結局今月は16冊、今年に入って62冊目を読破したが、読書だけで日々過ごしていくのも勿体ないような気がしてくる。書き方によっては主人公の境遇で暗くなるところだが、からりと爽やかな展開で描かれていて心地よい。親から親へ、親から子へ渡されるバトンに目を止めると、現実の人間の営みにもっと身を任せたくなる。(184/1000)

俺の物語

夢枕に預言者が立って寿命は65歳だと告げられたそうだ。還暦を過ぎてもういいやと考えていたのが、あと3年なにができるかと考えた時、若い頃挑戦した物語と音楽の融合に挑戦しようという気になったという。物語を紡いでラブソングは生まれるが完成までの道のりは険しいらしい。40年前に買ったアルバムにサインしてもらい写真に収まって、俺の物語について考えてみたくなる。

とんび

デビュー10年ぐらいの頃の彼はやはり素晴らしかったということなのだろう。とにかく途中中盤あたりで泣けて泣けて先に読み進めない。飲み屋のたえ子さんの娘が居酒屋へ来た時のくだりなどもう読むのが嫌になる展開だ。もうこれで終わりかと思ったら後半、倅のアキラの細君に関する場面でダメ押しの涙腺崩壊だ。間違いなくこれまで読んできた180冊のベスト10に入る一冊だ。(183/1000)

角松は冥土の旅の一里塚

まさか長女の婿が同じミュージシャンのファンだとは意外だった。その上婿がチケットを取ってくれて一緒にコンサートへ行けるとはなんという幸せだろう。音楽のチカラとは恐ろしいものだ。角松敏生がそれだけのキャリアを重ねてきてくれたことに感動しながら、自分の残りの人生を噛み締めて今宵は音楽に酔いしれたい。

ゼツメツ少年

これはひどい。ぜんぜん文学作品の体を成していない。何のために何をどう表現したいのかが後半になればなるほど意味不明だ。突然登場する自殺する少女とその父への鎮魂のために書いたノンフィクションなのか。ただの自己満足のためだけなら、出版社に責任がある。(182/1000)

予定調和でない老後

わざわざ三越まで行って買い求めた大口屋の麩饅頭。6個入りの内2個は当日夫婦で食べて、4個の内2個は倅にやり残りの2個は明日我々で食べようと思っていたら全部倅が平らげてしまったという。細君に不機嫌を装いながらも、ハプニングの方が饅頭よりうまいと内心喝采する。予定調和通りに進む老後など面白くもなんともない。

どんまい

予約待ちの「とんび」を手にする前に重松ワールドをもう一度覗いておこうと500ページの大部に挑んだ。正直なんだこれ?という読後感だ。

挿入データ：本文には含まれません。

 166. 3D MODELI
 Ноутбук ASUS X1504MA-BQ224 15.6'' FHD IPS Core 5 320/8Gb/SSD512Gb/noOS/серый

あまりにも人間同士の関わり方が絵空事すぎるし、結末も映画化を意識したような仕立てになっていて閉口する。野外コンサートでミスして落ち込んでた細君に「どんまい」とLINEを寄越した長女のひと言の方が値打ちがある。(181/1000)

隠蔽捜査

読み始めは東大卒のキャリア警察官僚の胡散臭い人物像ばかりがクローズアップされる。こんな男にはなりたくないものだと軽蔑しまくるのだが、豈図らんや徐々にそのイメージは見事なまでに覆される。最後半に至ってとうとう彼の潔さ、原則を貫く鉄の意志に賛辞を送りたくなる。今も宮仕えで憤懣やストレスが溜まっている方には痛快な一冊となるだろう。(180/1000)

悔悟か、介護か。

老老介護の話を聞くにつけ亡父のことが思い出される。余命宣告を受けた父とはいえ、その父を介護する気などさらさら持ち合わせなかった老母。悩んだ末父を施設に入れたが、今となっては今度は自分がそうされるのではないかと何かにつけ反発する。こんなことなら母も巻き込んで自宅で介護すればよかったと悔いる。亡父に申し訳なかったと詫びる月命日の墓参が続く。

ツナグ 想い人の心得

きっとツナグの第一作は本か映画で見たのだろう。状況設定はめずらしくもなく入り込めた。入り込めたのだが、2続編として編まれた5篇に作品としての深い洞察は見当たらない。死者と会って依頼人の抱える後悔をただ辿るだけでは文学的価値は望むべくもない。我が国の文学界も実業界同様人材不足だろうか。(179/1000)

ウエストサイズストーリー

ニョウサンチが主役に座りそうな人間ドックに臨んだ。昨年やや高かったケツアツは正常。タイジュウも努力の甲斐あって2キロ減った。タイジュウは減ったのにウエストが逆に増えるのはおかしいと、女性検査官が何度も測定し直す。増えててもいいですけどと言っても測定の手を緩めず3回試技の最小値が選択された。 cast nyosanti ketuatu taijyu west

善人長屋

前回と違ってこちらは名作の部類だろう。江戸の長屋を舞台に繰り広げられる裏家業を持つ人々の善行が短編で繰り広げられる。最後は成さぬ中の妻子にまつわるいい話で締めるところなどは憎い展開だ。講談か落語にしてもたっぷり聞かせくれるに違いない。(178/1000)

モニタリング隠居観察

昨夜から地元ケーブルテレビへの録画出演が始まり、28日まで何回も放映される。ありがたいことだが、困るのはこれから放映エリアでは諸肌脱いで義侠心を発揮するのも躊躇われることだ。少々カチンとくることがあってもニコニコ笑っていないといけない。あれあの人どっかで見たな、なんてことになるようでは隠居の沽券にも差し障りがあろう。老害と指さされぬよりはましか。

世直し小町りんりん

吉川英治文学新人賞を「まるまるの毬」が受賞したのが2015年だから、その3年前に書かれているだけあって円熟味が増している。惜しむらくは終盤に結末を詰め込みすぎていることか。読み進むのが難儀になる。名作と駄作が混淆しているところもこの作者のおかしさかもしれない。(177/1000)

宴のあと

薄曇りながらもなんとか雨にも遭わず無事野外コンサートを終えることができた。お手伝いしていただいた方々に感謝感謝だ。ボーカルマイクはメインミキサー、楽器はステージ上にコンパクトミキサー。アコギのゲインは絞って生音に近づける。アンサンブルを考慮したミキシング。セミプロのみなさんにさまざまな技術を伝授していただき実りが多かった。来年はもっと充実させたい。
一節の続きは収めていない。